Mandiant M-Trends 2022: Companies significantly improved cyberthreat detection time
The time that attackers go undetected on a victim’s network was declining for the fourth year in a row, according to the Mandiant M-Trends 2022 report.
Cyberthreat detection time has been reduced to 21 days in 2021 compared to 24 days in 2020. Ransomware was detected on average within five days, while other attacks went undetected for 36 days in 2021, compared to 45 days in 2020.
However, the overall situation is getting better as more companies partner with third-party cybersecurity firms, and government agencies and cybersecurity companies often notify victims of attacks, resulting in faster detection.
One more positive trend: let me remind you that we wrote that During five years of operation, the No More Ransom project helped to save $900 million from ransomware.

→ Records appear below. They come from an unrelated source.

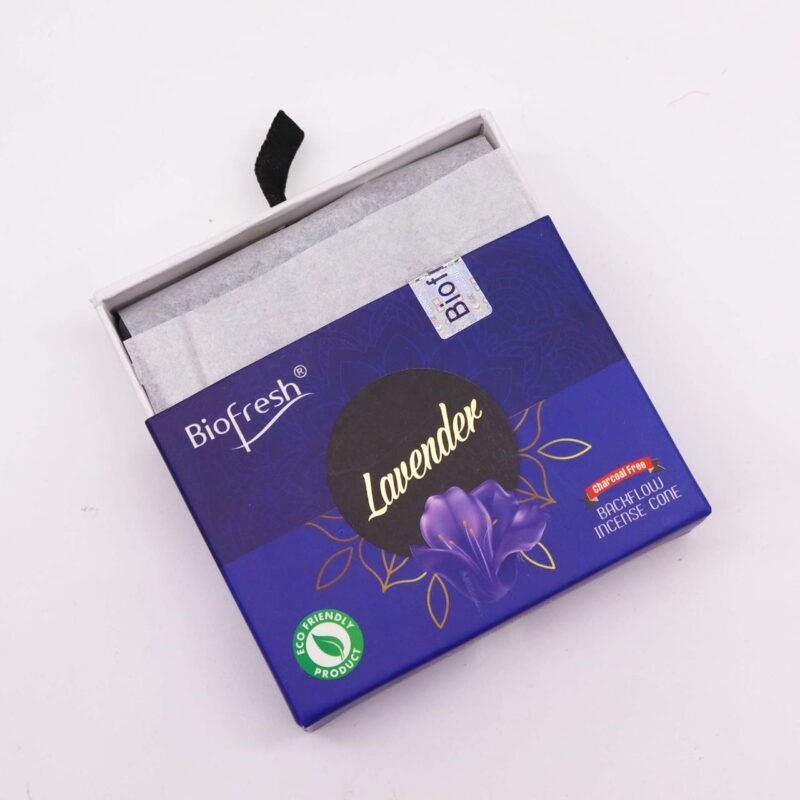 Lavender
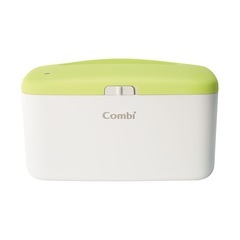 【おしりふきウォーマー】クイックウォーマーcompact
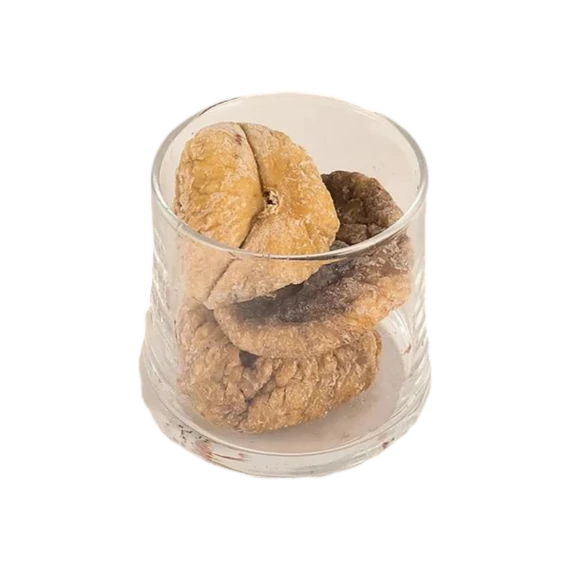 Dried figs 5kg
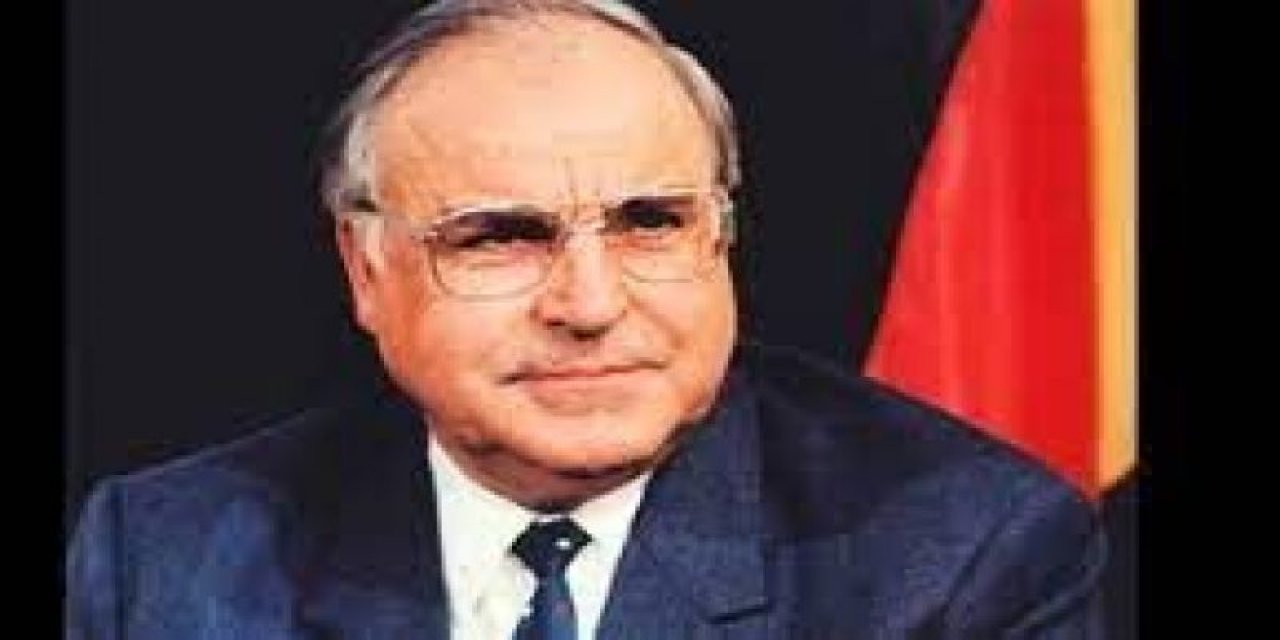 İsmail Erel kimdir? İsmail Erel nereli ve kaç yaşında? İsmail Erel nede tutuklandı?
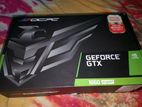 OCPC Geforce GTX 1660 Super 9month use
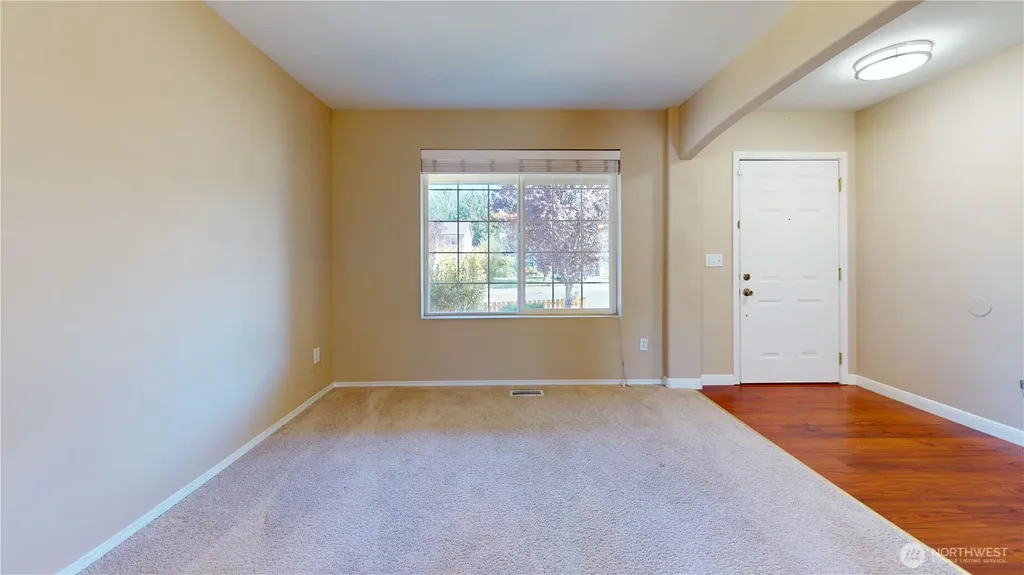 1720 S 85th Street Court Tacoma WA 98444
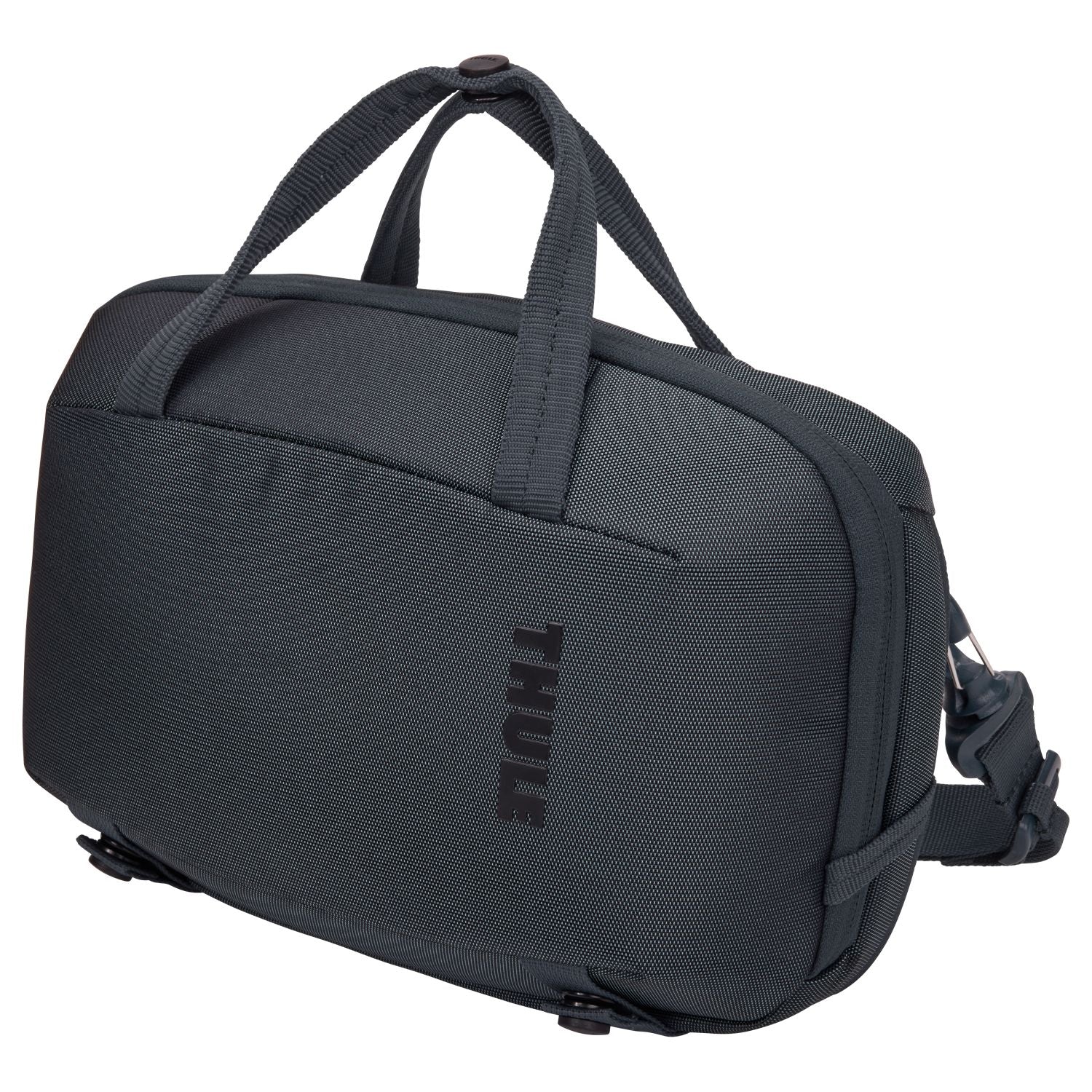 Thule Subterra 2 Crossbody 5L - Dark Slate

According to the Mandiant M-Trends 2022 report, companies have significantly improved the time to detect cyber threats over the past decade, reducing it by almost 20 times (from 418 days in 2011 to 21 days in 2021).
The improvement in companies’ ability to detect cyber threats varied significantly by region, with companies in the Asia-Pacific region experiencing a sharp reduction in so-called “wait time” to 21 days in 2021, compared to 76 days in 2020.
European companies also saw a significant drop to 48 days from 66 days in 2020, while North American cyber threat detections stably consisted 17 days.
By the way, did you know that: FireEye said that there are more than 1900 active hacker groups in the world.
The Beacon backdoor remains the most popular attack tool for cybercriminals, accounting for 28% of all detected types of malware. Beacon is a component of the Cobalt Strike tool, which is also popular with attackers.
Exploitation and supply chain attacks account for 54% of all attacks with an identified initial infection vector in 2021, compared to less than 30% of attacks in 2020, according to experts.
Another trend is that attackers are increasingly targeting hybrid Active Directory (AD) installations because misconfigurations in the hybrid identity model, where credentials and keys are synchronized between on-premises AD and Azure Active Directory in the cloud, lead to an increased risk of compromise.